Homeowners grapple with a myriad of property-related expenses, including insurance, property taxes, utilities, renovations and more.

“The True Cost of Homeownership 2024 Data,” a new report from Real Estate Witch, unveils the reality of homeownership costs that have left homeowners with additional fees far beyond the mortgage payment.

The study, surveying 1,000 homeownersreveals that the average homeowner spends $17,958 each year on additional expenses, a staggering 78% higher than the typical expectation of $10,094. This eye-opening disparity has left nearly 9 out of 10 homeowners in agreement that homeownership is way more expensive than expected.

With interest rates hovering around 7%, mortgages have become a significant burden for buyers, and falling home prices due to lower demand have cost sellers potential profits. Amidst these challenging circumstances, many homeowners prefer to neither buy nor sell, opting instead to hold onto their current homes for the time being. However, the report highlights that choosing to do so comes with “crushing costs.”

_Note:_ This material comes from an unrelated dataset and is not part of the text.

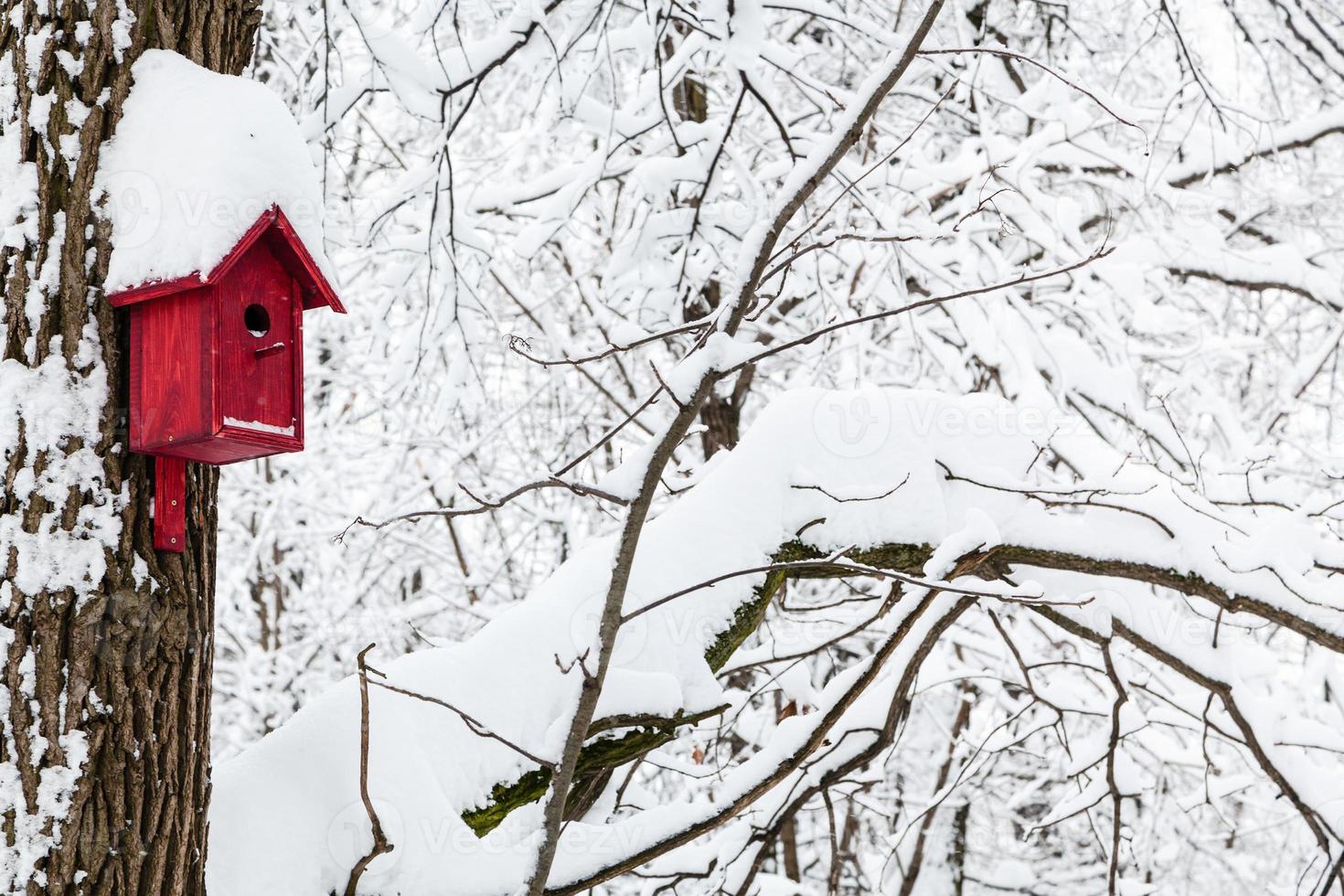 rosso di legno birdhouse nel inverno foresta foto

Beyond recurring mortgage payments, homeowners must grapple with a myriad of property-related expenses, including homeowners insurance, property taxes, utilities, renovations, and maintenance. This financial strain has taken a toll on homeowners, with 36% saying their home is a detriment to their finances and 23% citing a negative impact on their mental health. The report shows that the average homeowner forks out over $4,000 on maintenance and repairs each year, driving some to accumulate significant debt to afford these expenses.

Excluding mortgage principal and interest, 3 in 5 homeowners dedicate at least 10% of their income to cover additional costs for their home. Alarmingly, around 20% amassed more debt to cover homeownership expenses, resorting to measures like credit card debt, loans, dipping into retirement savings, and even selling valuable possessions. The Department of Housing and Urban Development deems housing unaffordable when it exceeds 30% of one’s income, a threshold likely surpassed by many homeowners due to unforeseen expenses noted in the report like roof work, plumbing, HOA, electrical work, appliances, and foundation repairs.

The financial strain has left around 67% with regrets regarding becoming a homeowner, with over 40% of recent buyers admitting they overpaid for their property. The author of the report, Matt Brannon, recently emailed BLACK ENTERPRISE, alerting how the costs have left around 65% of Black homeowners regretting their home and 55% feeling a sense of buyer’s remorse.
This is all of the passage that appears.